EXERCISE MATERIAL:
[Start of section]

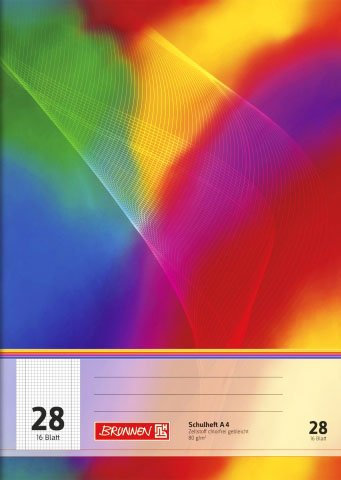 papieto Schulheft/Schreibheft/Rechenheft (Din A4 / 16 Blatt) LINEATUREN FREI WÄHLBAR (Lineatur 28)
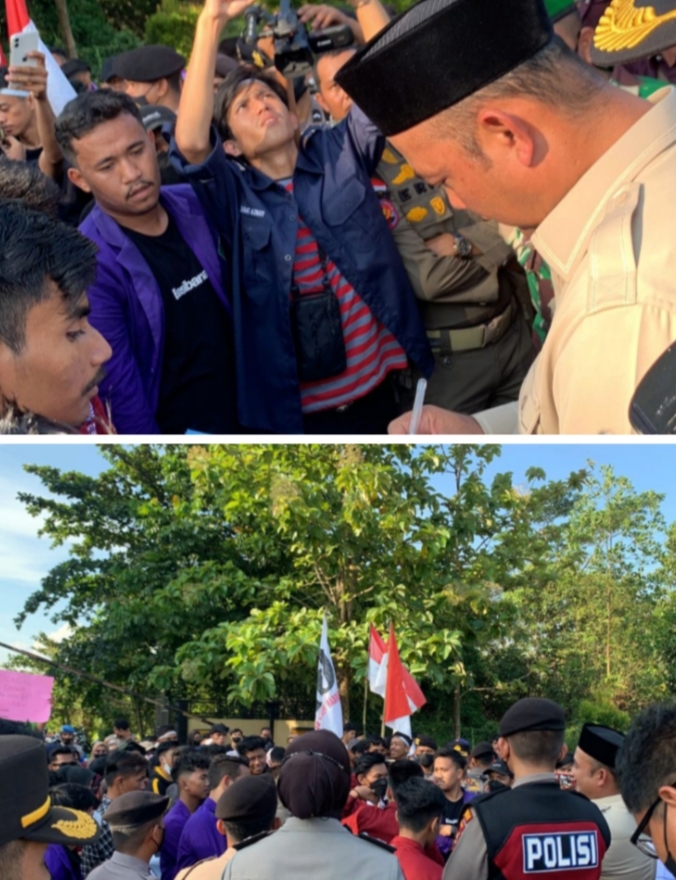 Ketua DPRD Kampar Sambut Pendemo Menolak Kenaikan BBM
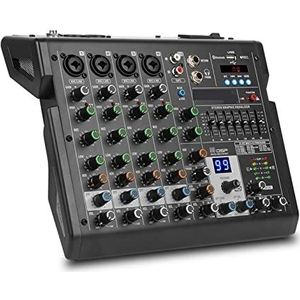 Audio DJ-mixer 4 Kanalen Mixer Depusheng B4 Geluid Tafel Professionele DJ Mixing Console Ingebouwde 99 DSP Digitale Effecten 48V fantoomvoeding Podcast-apparatuur (Color : Nero, Size : B6)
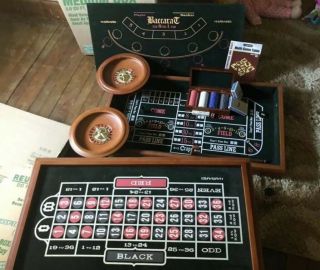 Harvard Table Top Gambling Casino Board Games Blackjack Baccarat Roulette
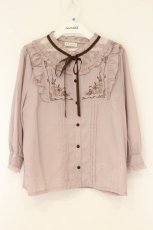 画像1: axes femme / クラシカル刺繍七分袖ブラウス M ピンク O-26-07-24-1090-AX-BL-OW-OS (1)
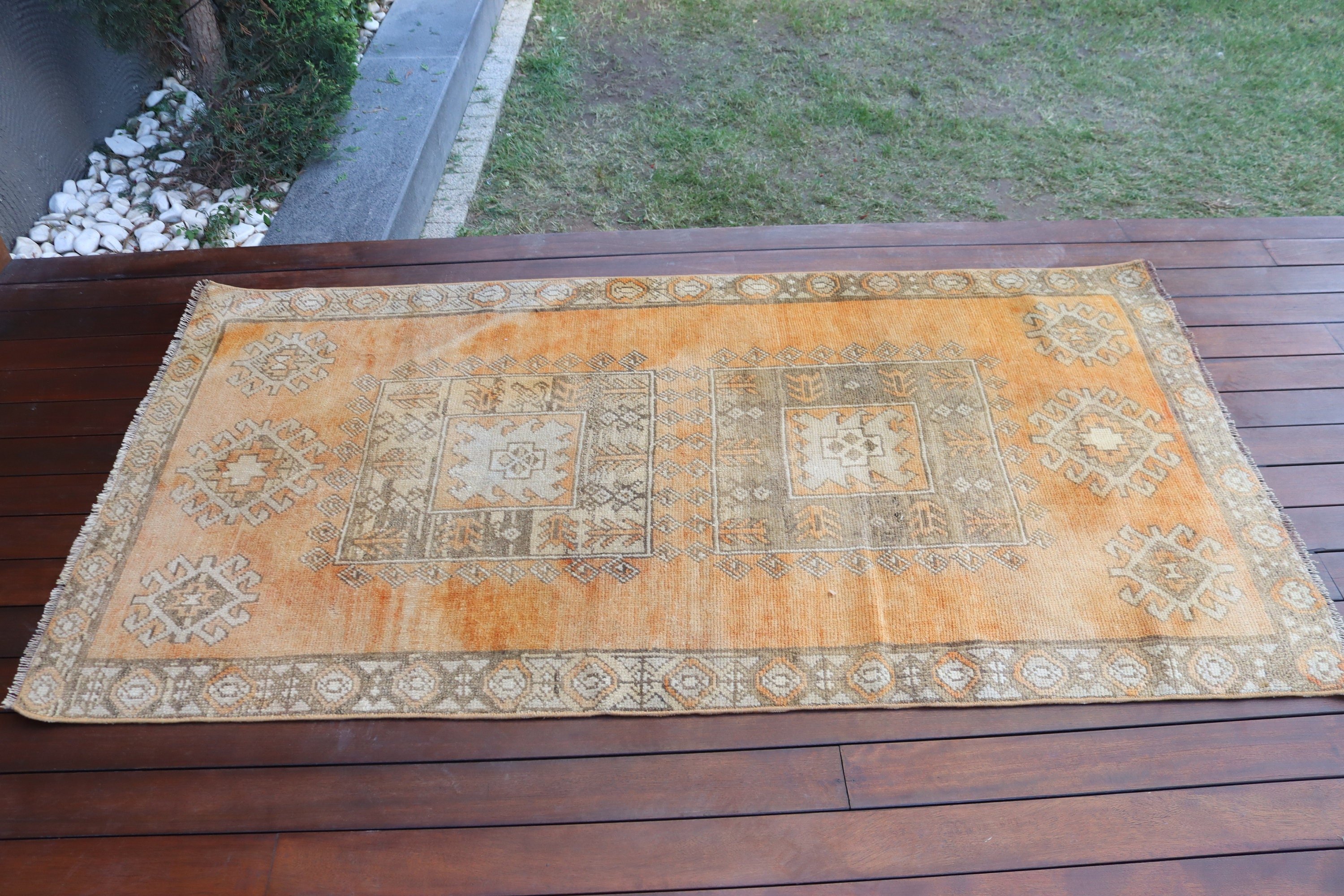 Türk Halısı, Dekoratif Halılar, Boho Halılar, 3,2x6,2 ft Vurgu Halısı, Turuncu Ev Dekor Halıları, Vintage Halı, Giriş Halıları, Açıklama Halısı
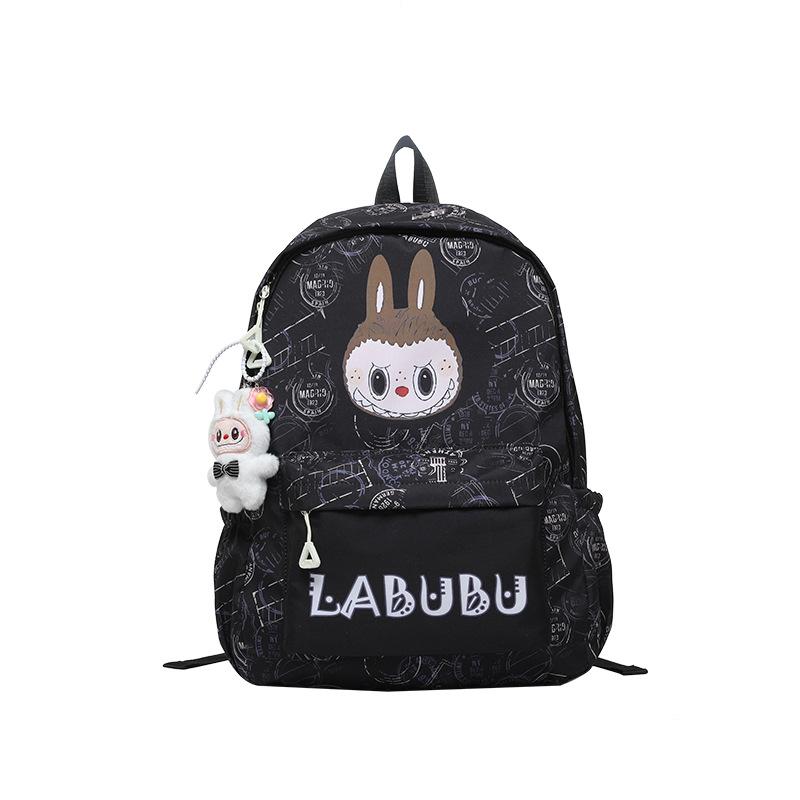 

School bag Cartoon Rabub New trendy backpack Large capacity exquisite printed student school bag single package чёрный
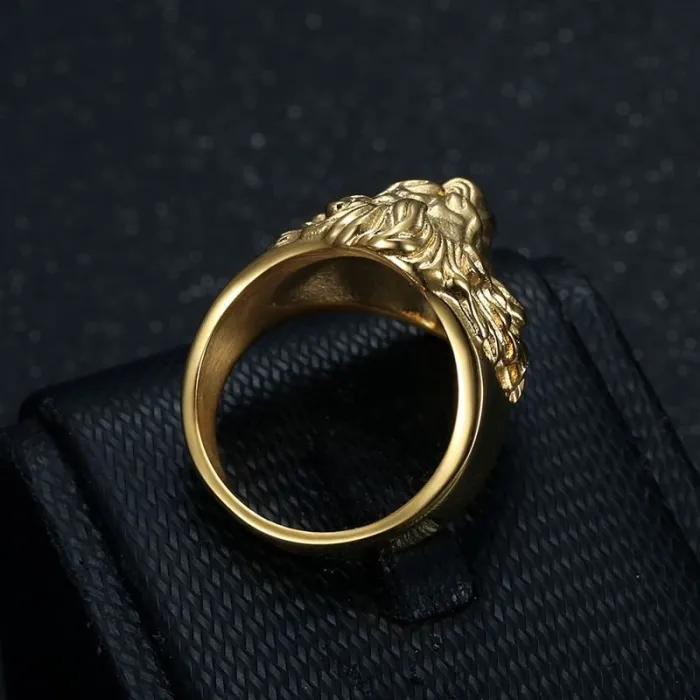 Wholesale HIPHOP Lion Head Ring for Men – Bold Gold-Plated Titanium Steel Bling Jewelry | Streetwear Supplier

[End of section]

WHAT YOU ARE ASKED TO DO: Return verbatim every line from the one holding "School bag Cartoon" to the end of the records above. Do not copy the pictures.

OUTPUT FOR THIS TASK:
School bag Cartoon Rabub New trendy backpack Large capacity exquisite printed student school bag single package чёрный
 Wholesale HIPHOP Lion Head Ring for Men – Bold Gold-Plated Titanium Steel Bling Jewelry | Streetwear Supplier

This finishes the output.